Aynı sayıda, “simetri” ve “siyasi denge” sağlamak amacıyla, eski “Halk Kültürü” gazetesinin yerine çıkan “Kültür” (Kültura) gazetesinin yazı işleri müdürü Bayan Koprinka Çervenkova ile söyleşi bastılar. Bu söyleşide, 1984-1989 yılları arasında Bulgar basınında çıkan metinlerde yer alan esinlerin temel oluşturduğu Türk düşmanı duyguların “aileden” ve tarihten kaynaklandığı ret ediliyordu.
Koprinka Çervenkova
Bayan Çervenkova’nın iddiaları rastlantı değildi. “Kultura” gazetesinde Tatyana Vaksberg ve “Kötülük Teknolojisi” hakkında 3 adet olumsuz yazı artık yayınlanmıştı ve bu yazılardan birisi “Tatyana Vaksberg ne kadar yalan söyledi” başlı altında ve K. Çervenkova imzasıyla birinci sayfada basılmıştı.
Geneleme:
Bulgar basın ve yayın organları sözüm ona “Soya Dönüş Süreci” üzerinde yeniden düşünmeyi kabul etmiyor.

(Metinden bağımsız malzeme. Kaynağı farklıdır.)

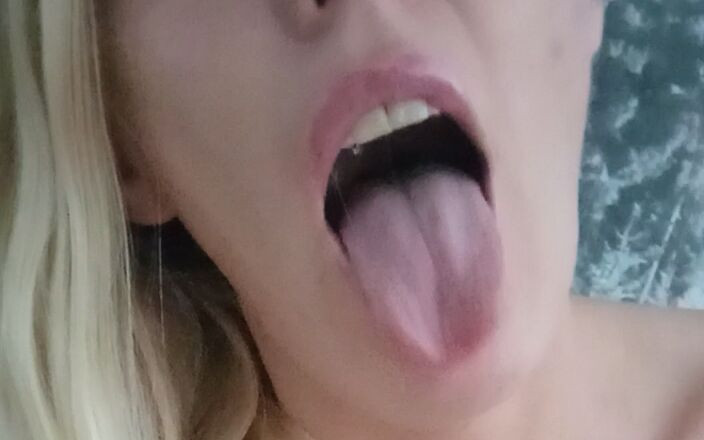 Susana: 딜도 게임 1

Gazeteciler, baş redaktörler, yayımcılar 1990 – 2001 yılları arasında bu olaydan mesafeli kalmakta ısrarlı olurken, 1984-1989 yılları arasında yaşanan feci olayları ve etnik temizlik esnasında yaşananları yazmamaya sanki yemin etmişlerdir. Komünizmin devrilmesinden önce ülkeyi yöneten komünist yönetici elit tarafından öteki etnik ve dinden olanlarda açılan yaraların konuşulmasını asla istemiyorlar. Nitelikli ve liberal basın için olmazsa olmaz olan, gazetecilik standartlarına uyulmamasından oluşan eksiklikten de kaynaklanan, 300 bin kişi evlerinden kovulurken, 1989 “Büyük Seyahati” esnasında son doruğu yaşanan, isimlerin zorla değiştirilmesi faciasına ilişkin yalan dolan, tamamen uydurma medya haberleri de bugünkü yabancıl aşmışlık durumuna neden olmuştur. Öte yandan, Bulgaristan’da gazeteler satılmak için çıkarılıyor. Ne yazık ki “Soya Dönüş Süreci” yazan gazeteler satılmıyor. Bulgar okur, kendisi için, tarihi için, hatta kendisine ilişkin kuyruklu yalanlar ortalıkta dolaşırken bile olumlu ve gönül açan yazılar ve haberler okumak istiyor. Bugünkü gençler, yeni kuşak anne ve babalarının kirli işlerinden, cinayetlerinden, katil ve suçlu olmalarından utanıyor ve çekiniyorlar. Manevi eziklik yaşıyorlar. Toplumda Türk düşmanlığı esintisi şiddetleniyor ve ne yazım ki kötü etki yapıyor. “Ayrılık Zamanı” gibi kitaplar, bazı romanlar, tarih dersleri, filmler değişik nesil üzerinde Osmanlı dönemi ile ilgili olumsuz etkide bulundu. Bulgaristan’da, özellikle de 1984-1989 feci olaylarından sonra, Bulgar toplumunda vatandaş kimliğinin son derece yaralı olması; öteki düşmanlığı, ırkçılık, dinsel ve etnik kimliğin tanınmaması memleketimizde aşırı sağcı güçlerin iktidara tırmanmasına yol açtı. Son yıllarda yapılan seçimler, seçmen kitlesi her geçen günle çoğalan, popülist ve milliyetçi eğilimlerin eğilimin güç topladığına işaret ediyor.